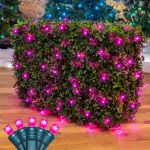 Pink LED Net Lights 4x6 Green Wire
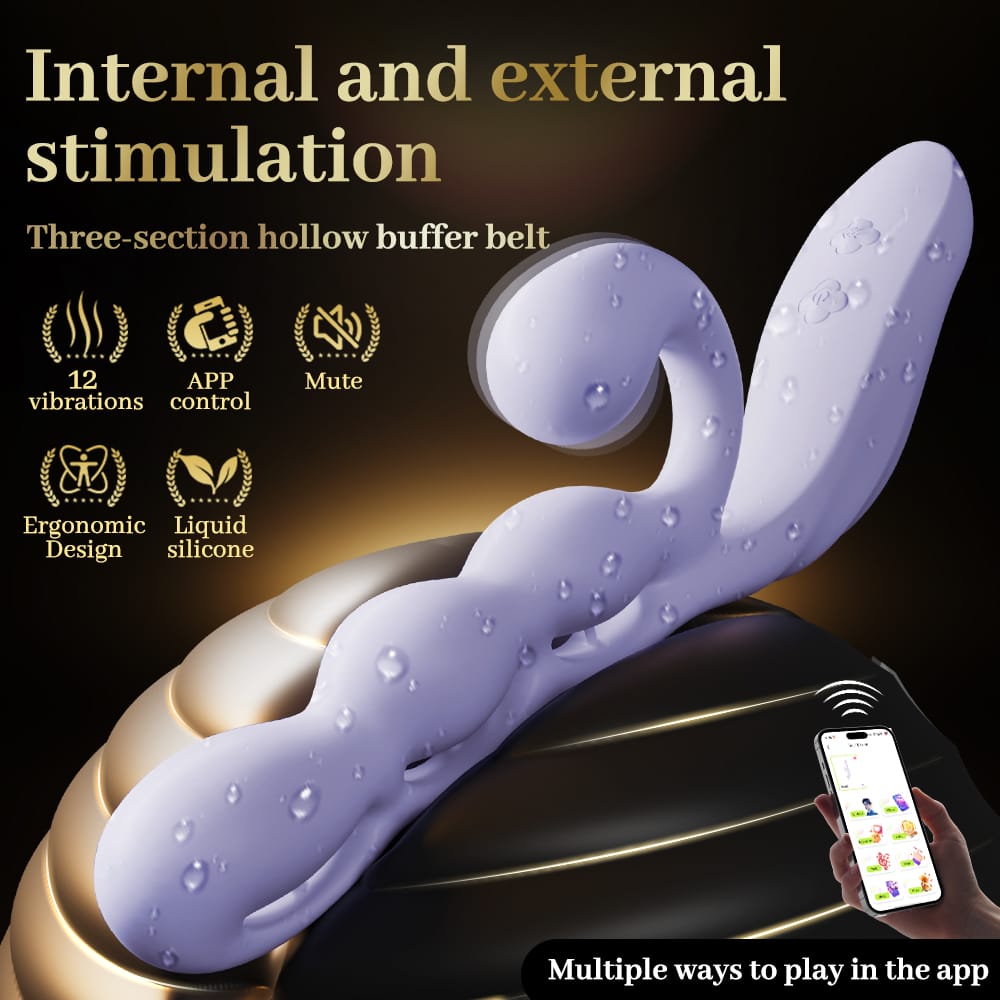 YEAIN Purple Grape App-Control Rabbit Vibrator with G-Spot & Clitoral Stimulation YEAIN 紫葡萄APP智能遥控兔耳震动棒女用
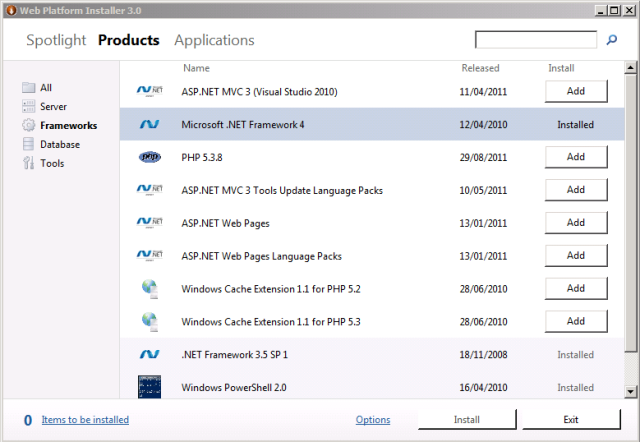 If a product or component is already installed, the Web Platform Installer will indicate this by replacing the Add button with the text Installed.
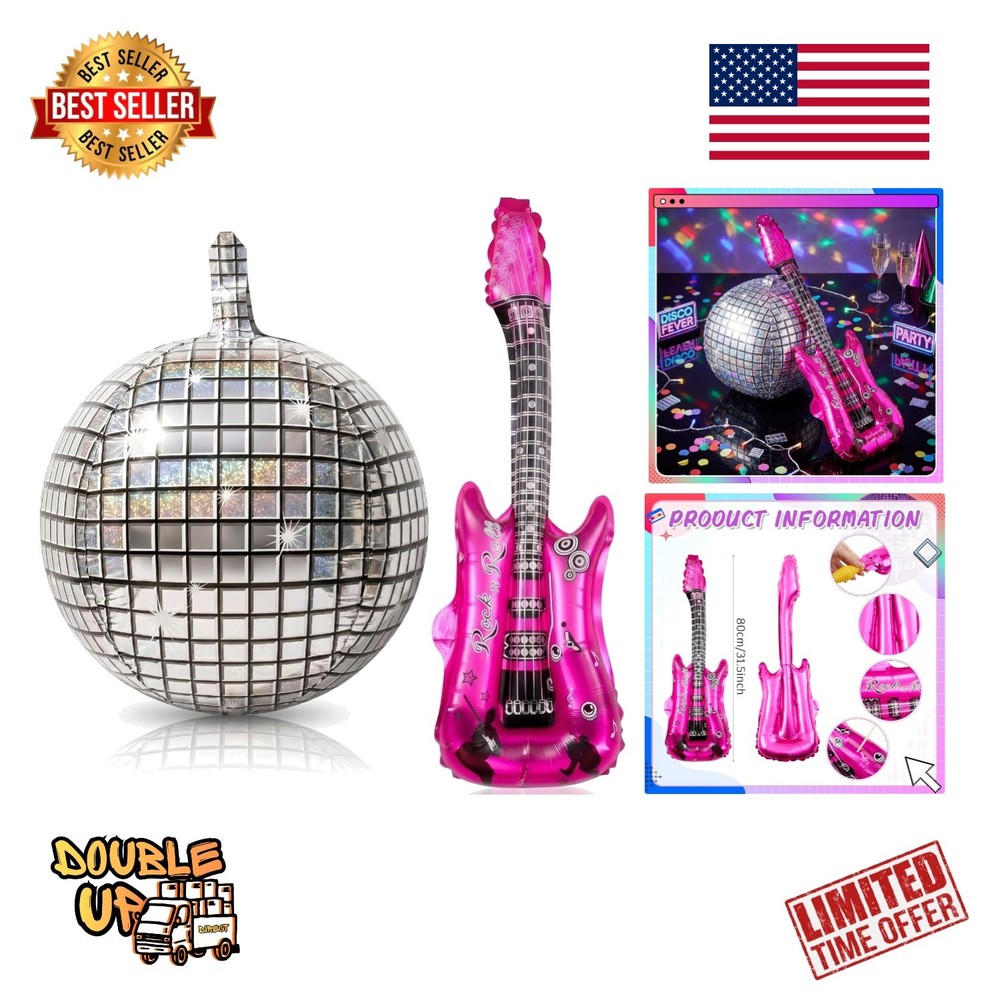 2 Pcs Lightweight Inflatable Disco Ball & Guitar – Perfect for Retro Events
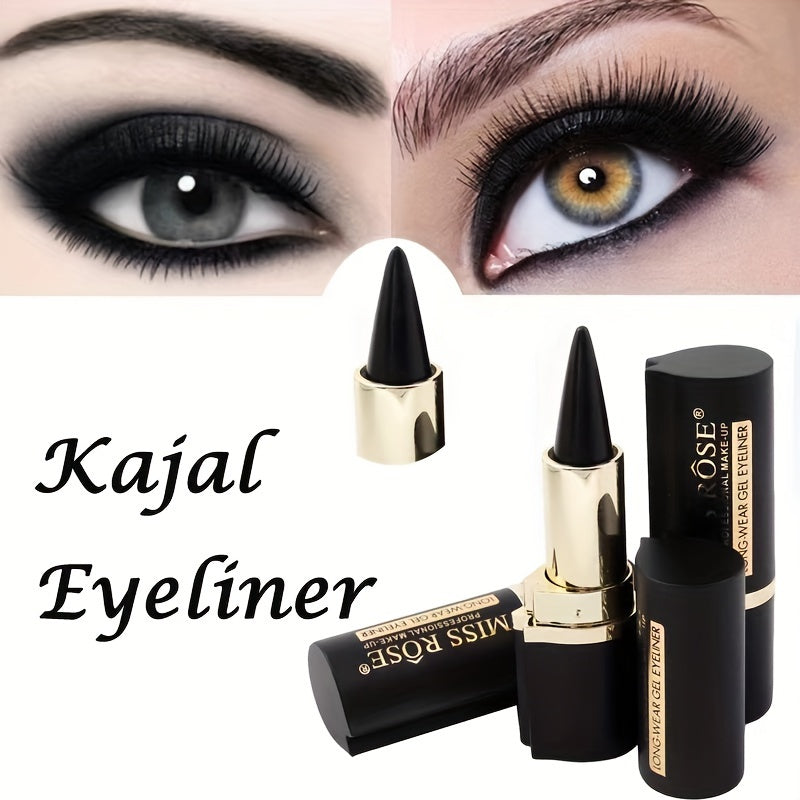 Single-Head Matte Waterproof Smudge-Proof Black Eyeliner Balm - Long-Lasting Eye Makeup Essential for Precise Definition - Easy to Apply and Remove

Work task — Restate the records above in full, word for word. Keep pictures out.

Answer to the exercise —
 Pink LED Net Lights 4x6 Green Wire
 YEAIN Purple Grape App-Control Rabbit Vibrator with G-Spot & Clitoral Stimulation YEAIN 紫葡萄APP智能遥控兔耳震动棒女用
 If a product or component is already installed, the Web Platform Installer will indicate this by replacing the Add button with the text Installed.
 2 Pcs Lightweight Inflatable Disco Ball & Guitar – Perfect for Retro Events
 Single-Head Matte Waterproof Smudge-Proof Black Eyeliner Balm - Long-Lasting Eye Makeup Essential for Precise Definition - Easy to Apply and Remove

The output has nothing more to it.